Communities are always glad to see trash removed, sewers installed and schools rebuilt. But the greatest rewards come from community involvement, which encourages reconciliation among individuals of different ethnic and religious backgrounds. Communities learn to work, live and play together, weaving a sustainable framework for civil society. By October IRD had helped put in place over 70 community action groups representing 162 neighborhoods and over 1,000 participants, both men and women. Over half a million Iraqis have already benefited from these nascent development programs, including 4,000 who found jobs through the projects. The effect on the daily lives of ordinary Iraqi citizens is staggering.

Yet this relief and development work is risky. The summer attacks on the UN headquarters in Baghdad were a stark reminder of the dangerous nature of humanitarian work in postconflict environments. During Ramadan, the Iraqi capital was rocked by massive bombings targeting the International Committee of the Red Cross (ICRC). Many nongovernmental organizations (NGOs) began to reassess their commitment to the reconstruction effort in Iraq and asked: What next? Is it prudent to stay in Iraq when the ICRC, one of the largest players, has decided to withdraw?

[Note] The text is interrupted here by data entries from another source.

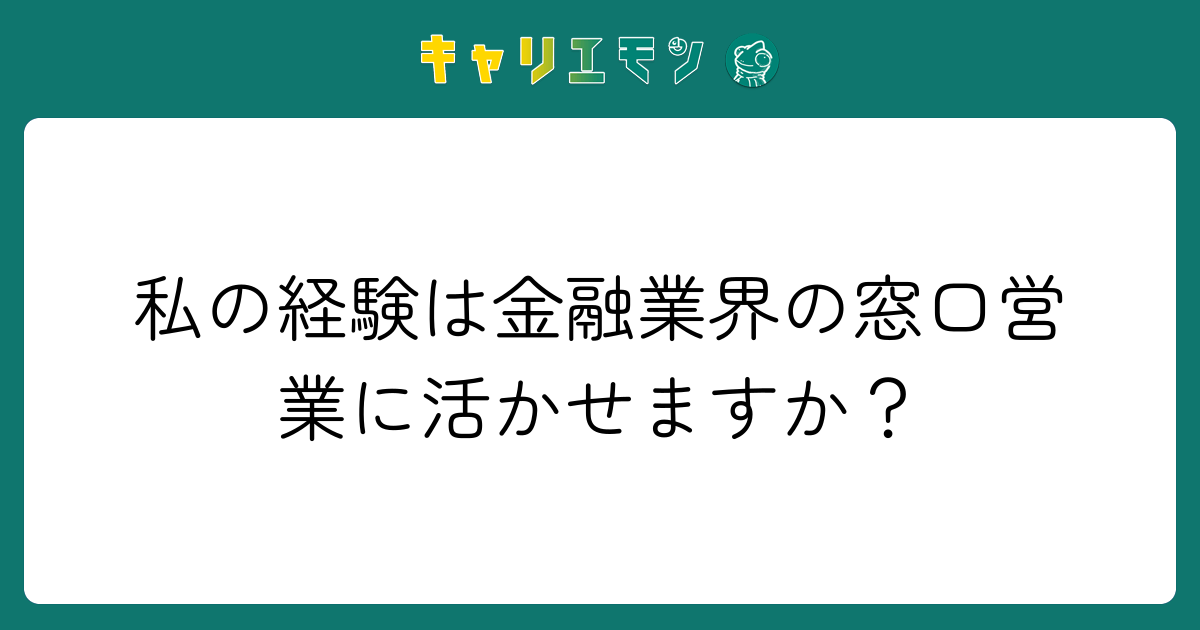 私の経験は金融業界の窓口営業に活かせますか？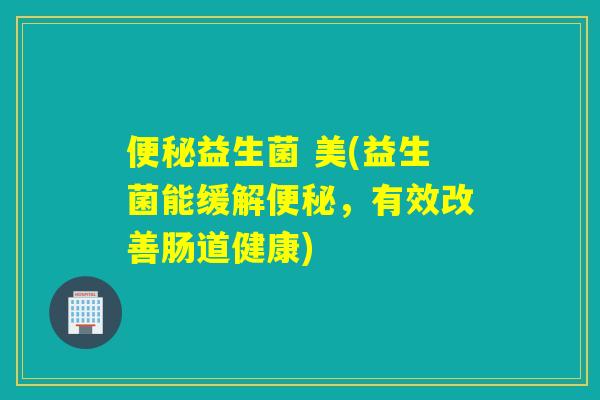 益生菌 美(益生菌能缓解,有效改善肠道健康) 益生菌 美(益生菌能缓解,有效改善肠道健康)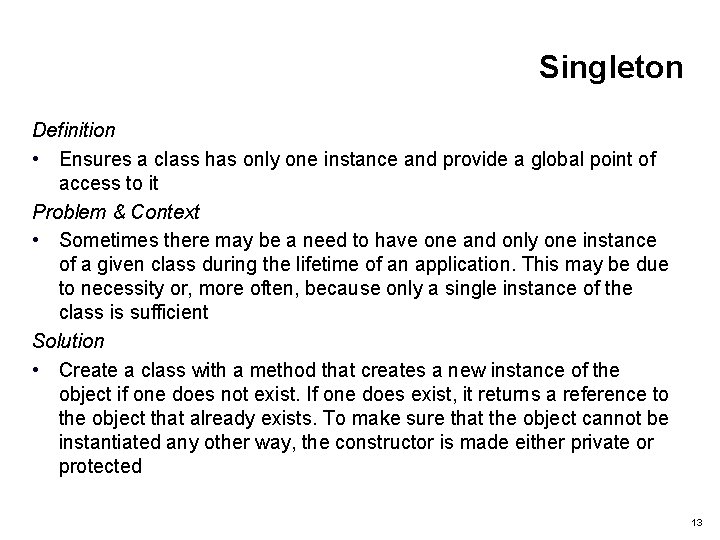 Singleton Definition • Ensures a class has only one instance and provide a global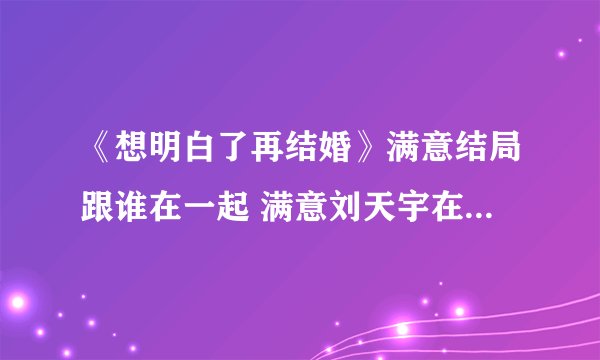 《想明白了再结婚》满意结局跟谁在一起 满意刘天宇在一起了吗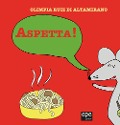 Aspetta! - Olimpia Ruiz Di Altamirano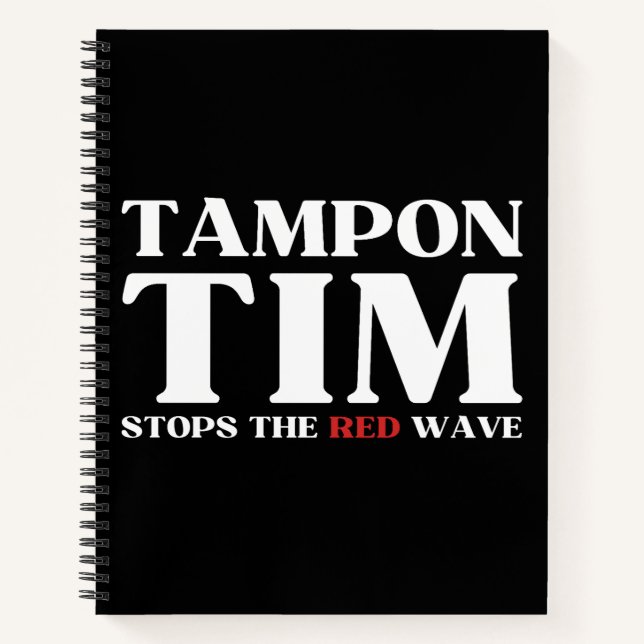 Tampon Tim Will Stops The Red Wave-Tim Walz 2024 Notebook (Front)
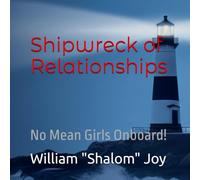 Shipwreck of Relationships: Mean Girls Not Aloud on Board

According to the intuitive logic of humanitarian and development operations in insecure places like Iraq, agencies withdraw staff and downsize programs until conditions improve. Yet anyone who has been in Iraq, in Kosovo before the latest Balkan war, or in Afghanistan, Liberia or Sierra Leone understands that the assistance NGOs offer is most needed during times of heightened instability. No action the NGO community could take would be more devastating to people than leaving. IRD believes, therefore, that it has an obligation to assist Iraqis who are enthusiastically and directly involved in relief and development project.

Yet current trends are worrisome. A decline in the number of international organizations in Iraq has meant more work for the NGOs that remain, and for the Coalition Provisional Authority (CPA) and major contractors. Another worrisome trend is the “bricks and mortar” approach to Iraq’s transition (rather than community development) favored by many international donors. Most of the $20 billion budgeted for reconstruction is directed to large-scale reconstruction programs aimed at rebuilding Iraq’s deteriorated infrastructure.

Only 2 percent of that budget goes to sustained community-based work, but that work is essential because it builds trust and confidence, and encourages cooperation and self-help. We need community development, a strengthened civil society and new leaders. The NGO community builds new Iraqi institutions from within, developing social capital that will withstand instability and rough-edged transition. NGOs know the efficacy of community-based, participatory approaches to development, and know how to advocate when necessary on behalf of a population that may not know how to articulate its vision and its perception of the community’s needs.

That’s why NGOs must stay the course. When work in the field becomes difficult, NGOs must reassess, revise and improve their approaches. IRD, for instance, has reduced its expatriate staff and nationalized key staff positions. It is also training more Iraqis to take over development projects. When we organize a local PTA in conjunction with a physical renovation of a neighborhood school, for example, we improve the chance that the school will continue operation during times of social conflict.

At the same time, we must keep human and financial resources flowing to the programs. Such an approach will serve NGOs well—not just in Iraq, but in Afghanistan and other regions where people need help in making the difficult transition to a sustainable peace.